OFK-- All I can say is Ditto!!  Once agin, more true words!!

MJS


----------



## rmcrobertson (Jul 11, 2003)

Yep, sure did. And the way these posts are worded reinforces my general sense of being correct about a) the misunderstanding of kenpo's fundamental concepts and claims; b) the difference between those studying martial arts to become better fighters only and other interests; c) the extent to which "going outside," kenpo to, "fill up the holes in the system," is an endless enterprise; d) the dream of efficiency and invincibility.

And if we've absolutely got to personalize everything, could we try at least to render what I write accurately?

I think it's great that folks have time for all this cross-training. I think it's wonderful that they can learn so much. I look forward, over time, to reading about and witnessing all that they discover. Good for you, guys.

I simply don't agree that the motivation for this has anything to do with the faults of kenpo.

And--call me wacky--I'd still be pleased to see a smidgen of respect for us wacky "traditionalists." Not that I think this is in any way an accurate term.


----------



## Touch Of Death (Jul 11, 2003)

Wacky,
Forget the holes in Kenpo stuff. If you were to train in the school down the street, reguardless of the system, you would benefit from the different ways of thinking. I think Roger Waters stated it best... "Tear down the wall.".


----------



## Turner (Jul 11, 2003)

> _Originally posted by MJS _
> *Robert--Did you read that?
> 
> MJS *



I am assuming that you are saying this in friendly jest, but people can't tell that for certain without clarification. Remember that you are a direct reflection on your instructor and your method of training, not only on yourself.

Antagonistic remarks only serve to instantly discredit you no matter how much truth is in what you say. If you wish to be heard and remembered, speak quietly so that people will have to lean forward to hear what you say. Those that scream and shout at the top of their lungs get ignored.

I don't have much to say on the issue of combining Muay Thai with Kenpo since I haven't tried Muay Thai. However I have been a live-in student at a Kyokushin Karate School. Kyokushin can probably look like a distant relative of Muay Thai and I think the two fit well together.

Doug


----------



## MJS (Jul 11, 2003)

Yup, that is exactly what it was...a friendly jest.  No harm meant.  I just wanted to point out that I am not the only one that sees nothing wrong with crosstraining.  
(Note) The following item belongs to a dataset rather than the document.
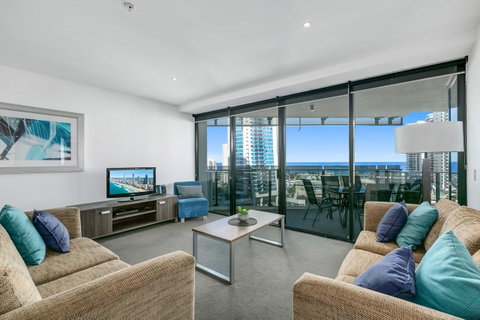 Circle On Cavill, Apartments And Sub Penthouses - We Accommodate - Food Delivery Shop 30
As for antagonistic remarks, well, you might check back to some other responses.  Some people can't accept someone elses reply and insist on going on and on and on and on....

MJS


----------



## MJS (Jul 11, 2003)

OK...maybe someone can answer this question.  In Kenpo, we have a roundhouse kick.  It is your traditional kick, done with the usual snapping movement.  Muay Thai also has a roundhouse kick.  Rather than do the snap, they are putting their entire body behind the kick, which results in a very powerful kick.  Most of these kicks by the way are delivered to the leg.  Now, why can't you take the idea behind the MT round kick and add it to the Kenpo roundkick?  Its still a RH kick, but you have changed it, making it more powerful.  You are not studying MT, you are simply taking a concept.  This is some of what I'm saying.  I have NEVER once said to abandon your Kenpo, but look to another style to borrow an idea.  This is somehow translated into crosstraining!!  I don't see how?

Also, the difference between fighting and SD?  I am not talking about entering the UFC, I'm talking about if you need to defend yourself, because someone is trying to attack you, don't you need to fight?  You can sugar coat it anyway you like, but the fact remains, that you are still fighting.  When doing the Sd tech of Kenpo, should you not train for that real confrontation?  Hey, maybe not everybody does, but by thinking an attacker is going to stand there, give you no resistance, and move the way you want, all while delivering a multitude of strikes, we are living in a fantasy land, cuz it isn't going to be like that.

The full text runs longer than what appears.